When to use STRAIGHT_JOIN with MySQL
I just had a fairly complex query I was working with and it was taking 8 seconds to run. EXPLAIN was showing a weird table order and my indexes were not all being used even with the FORCE INDEX hint. I came across the STRAIGHT_JOIN join keyword and started replacing some of my INNER JOIN keywords with it. I noticed considerable speed improvement. Eventually I just replaced all my INNER JOIN keywords with STRAIGHT_JOIN for this query and it now runs in .01 seconds.
My question is when do you use STRAIGHT_JOIN and when do you use INNER JOIN? Is there any reason to not use STRAIGHT_JOIN if you are writing good queries?
I wouldn't recommend using STRAIGHT_JOIN without a good reason. My own experience is that the MySQL query optimizer chooses a poor query plan more often than I'd like, but not often enough that you should just bypass it in general, which is what you would be doing if you always used STRAIGHT_JOIN.
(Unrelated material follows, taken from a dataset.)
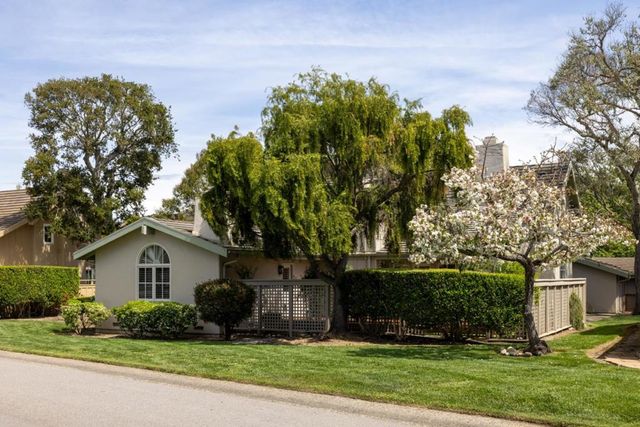 25399 Markham Lane, Salinas, CA 93908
My recommendation is to leave all queries as regular JOINs. If you discover that one query is using a sub-optimal query plan, I would suggest first trying to rewrite or re-structure the query a bit to see if the optimizer will then pick a better query plan. Also, for innodb at least, make sure it's not just that your index statistics are out-of-date (ANALYZE TABLE). That can cause the optimizer to choose a poor query plan. Optimizer hints should generally be your last resort.
Another reason not to use query hints is that your data distribution may change over time, or your index selectivity may change, etc. as your table grows. Your query hints that are optimal now, may become sub-optimal over time. But the optimizer will be unable to adapt the query plan because of your now outdated hints. You stay more flexible if you allow the optimizer to make the decisions.
Here's a scenario that came up just recently at work.
Consider three tables, A, B, C.
A has 3,000 rows; B has 300,000,000 rows; and C has 2,000 rows.
Foreign keys are defined: B(a_id), B(c_id).
Suppose you had a query that looks like this:
select a.id, c.id
from a
join b on b.a_id = a.id
join c on c.id = b.c_id
In my experience, MySQL may choose to go C -> B -> A in this case. C is smaller than A and B is enormous, and they're all equijoins.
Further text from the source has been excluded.